Ward v. Jewell
2014 U.S. App. LEXIS 22148
| 10th Cir. | 2014Background
- Mike C. Ward, a Bureau of Reclamation employee, was a supervisor until a 2005 reorganization removed his supervisory duties and reassigned them to James Durrant.
- Ward participated in earlier EEOC proceedings (2004) stemming from a subordinate’s discrimination complaint and later complained to the EEOC about losing supervisory responsibilities.
- In 2010 Ward applied for a Provo Area Manager job; a panel did not recommend him but the final decisionmaker, Regional Director Larry Walkoviak, interviewed all five candidates and selected another applicant.
- Ward sued under Title VII, alleging retaliation: (1) failure to reinstate him to his prior supervisory duties (i.e., failing to demote/fire Durrant), and (2) failure to promote him to the Provo manager role.
- The district court granted summary judgment for the Department of the Interior; the Tenth Circuit reviewed de novo, focusing on whether Ward presented sufficient circumstantial evidence of a causal (but-for) connection between his EEOC activity and the adverse actions.
Issues
| Issue | Plaintiff's Argument | Defendant's Argument | Held |
|---|---|---|---|
| Whether failure to remove Durrant and restore Ward’s supervisory duties was retaliatory | Ward: EEOC participation caused the agency to keep Durrant and not restore Ward | DOI: No evidence linking EEOC participation to decision years later; other non-retaliatory reasons existed | No causal link; summary judgment for DOI affirmed |
| Whether denial of Provo promotion was retaliatory | Ward: panel members (Rhees, Gold) were biased from EEOC matters and influenced Hire | DOI: Walkoviak made independent decision after interviewing all candidates; no evidence he relied on biased subordinates | No evidence of retaliation by Walkoviak; summary judgment for DOI affirmed |
| Whether circumstantial evidence suffices to establish causation under McDonnell Douglas | Ward: various comments, personnel changes, evaluations, and classification differences support inference | DOI: Temporal gap and lack of direct evidence mean mere speculation; Cat’s Paw inapplicable because decisionmaker conducted his own interviews | Court: Temporal gap requires additional evidence of but‑for causation; Ward failed to provide it |
| Whether Cat’s Paw liability applies to impute bias of panel to final decisionmaker | Ward: biased panel members influenced hiring decision | DOI: Walkoviak interviewed all candidates and did not rely on the panel’s recommendation | Court: Cat’s Paw not available because Walkoviak conducted independent investigation/interviews; no imputation of bias |
Key Cases Cited
- Doe v. City of Albuquerque, 667 F.3d 1111 (10th Cir. 2012) (standard for reviewing summary judgment in employment cases)

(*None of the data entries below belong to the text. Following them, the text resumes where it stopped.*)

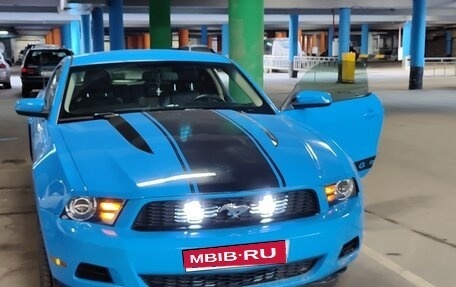 Ford Mustang VI рестайлинг, 2009 год, 2 555 555 рублей, 1 фотография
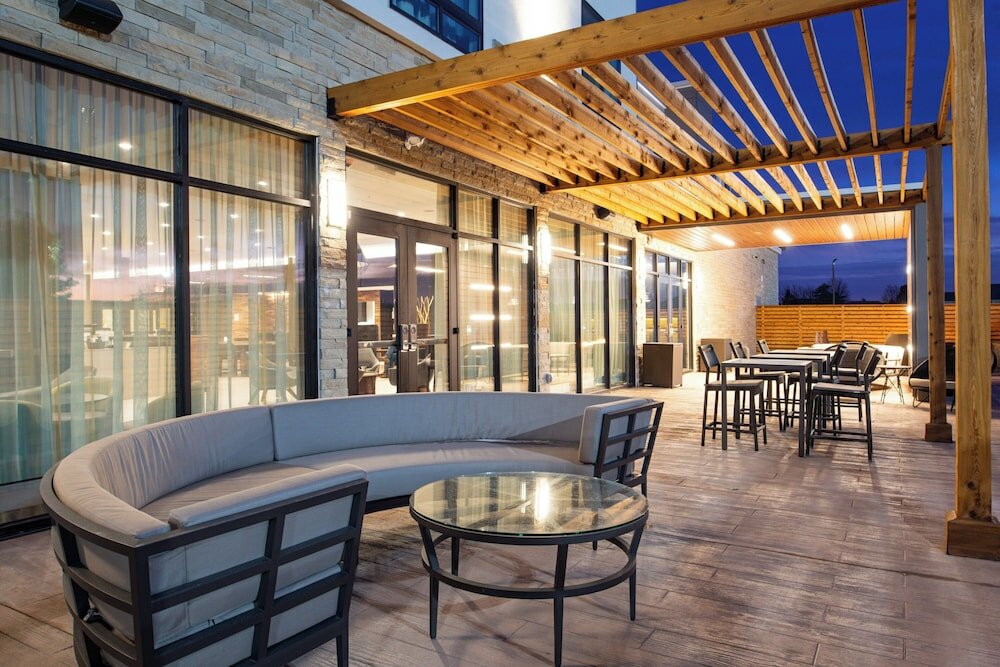 Фото Courtyard by Marriott Kansas City Olathe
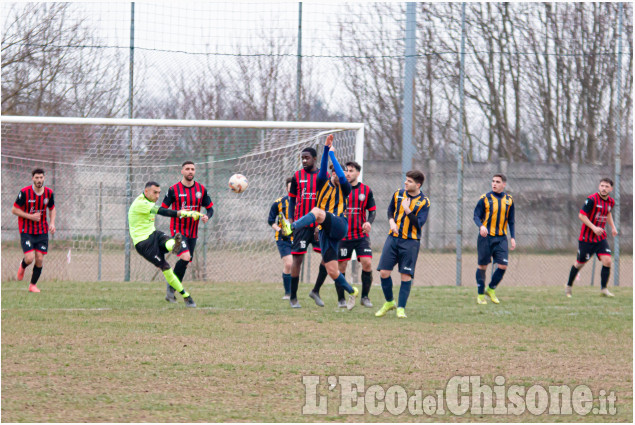 Calcio Seconda categoria: Tetti ferma Piossaschese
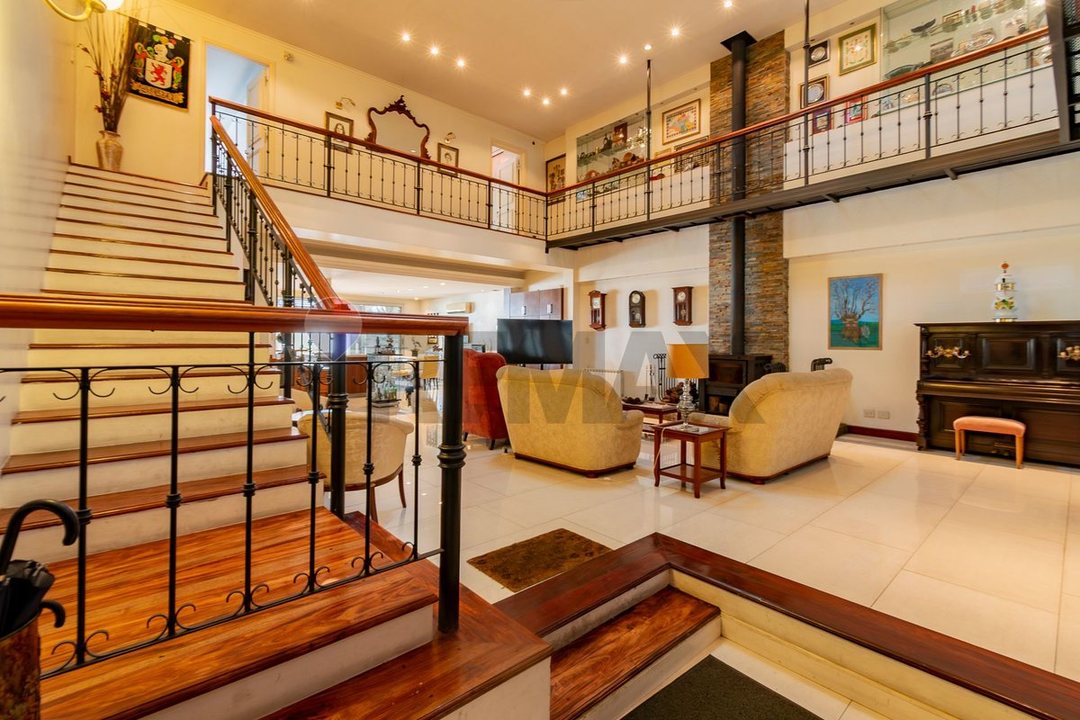 CASA CON JARDIN Y PILETA FINANCIA 100%!!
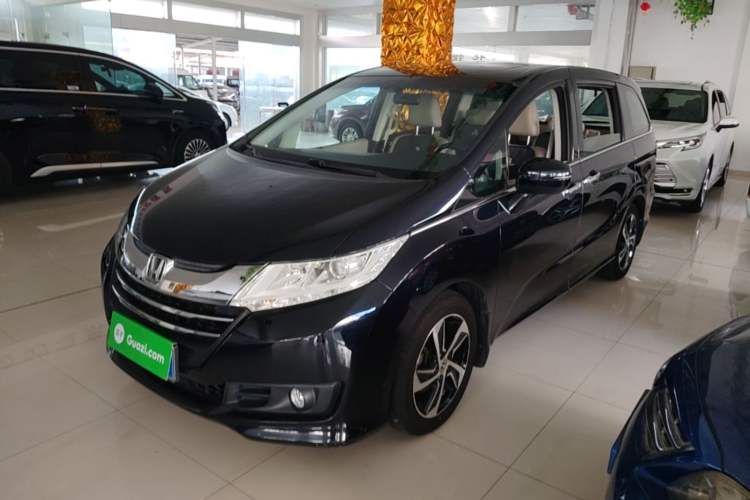 Used Honda Odyssey 2015 Revised 2.4L Luxury Edition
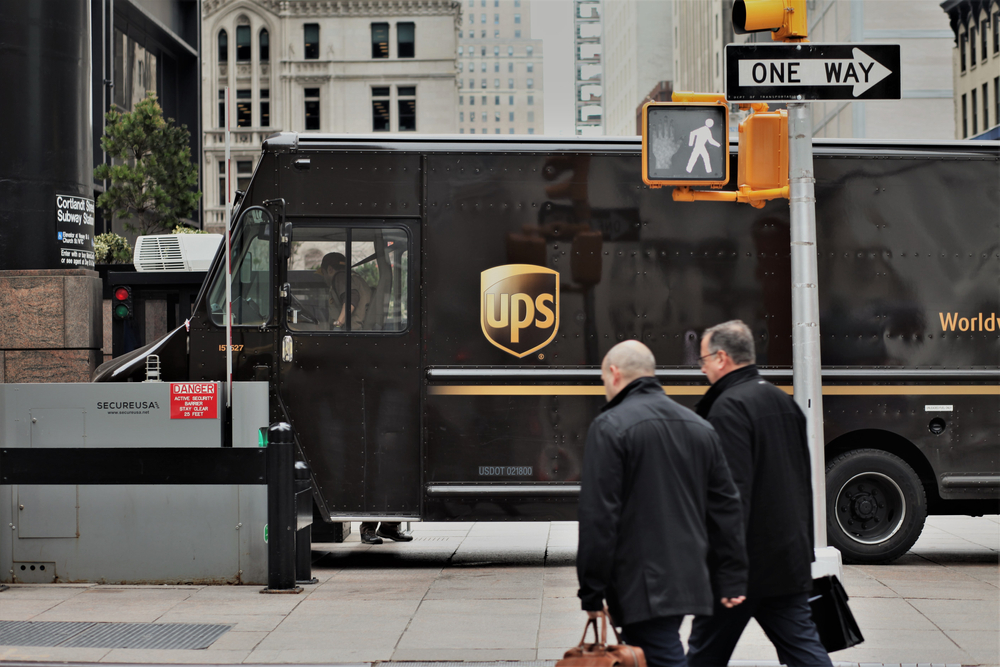 UPS, utili trimestrali in calo ma oltre le attese: -35% su anno
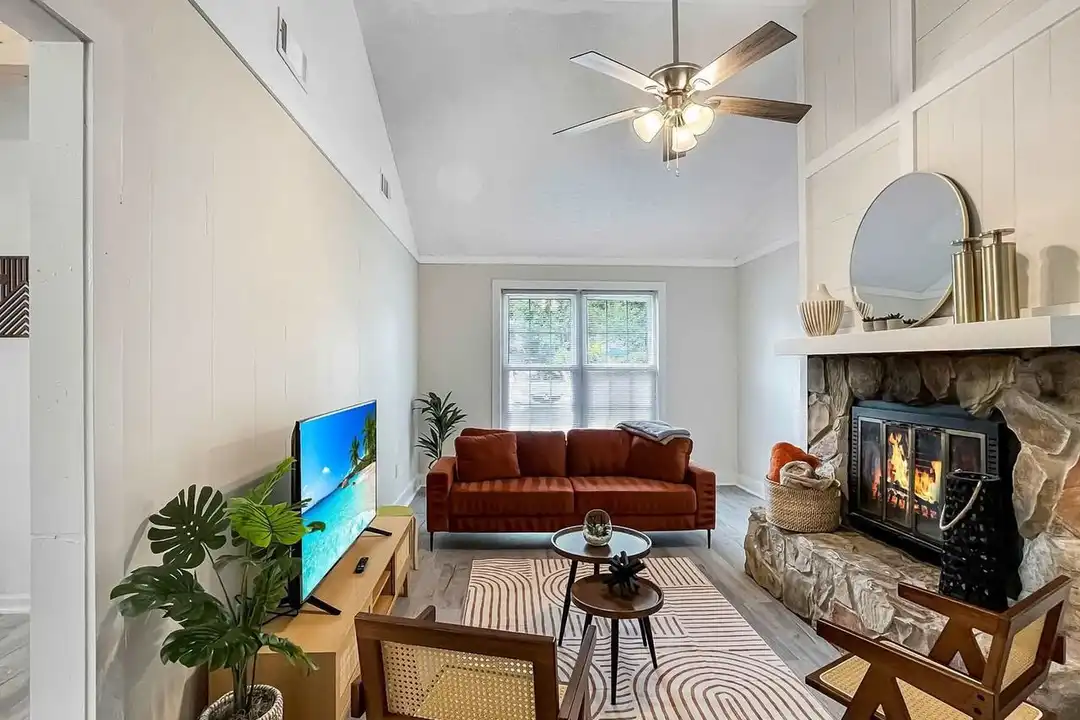 1224 Crawford Way unit 1291585P - View 3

- McDonnell Douglas Corp. v. Green, 411 U.S. 792 (1973) (framework for circumstantial discrimination/retaliation claims)
- Smothers v. Solvay Chems., Inc., 740 F.3d 530 (10th Cir. 2014) (plaintiff’s burden to prove prima facie retaliation)
- Wells v. Colo. Dep’t of Transp., 325 F.3d 1205 (10th Cir. 2003) (elements of prima facie retaliation)
- Williams v. W.D. Sports, N.M., Inc., 497 F.3d 1079 (10th Cir. 2007) (temporal proximity as evidence of causation)
- Anderson v. Coors Brewing Co., 181 F.3d 1171 (10th Cir. 1999) (delay may preclude inference of causation absent additional evidence)
- Tex. Dep’t of Cmty. Affairs v. Burdine, 450 U.S. 248 (1981) (burden-shifting and necessity of additional evidence to prove causation)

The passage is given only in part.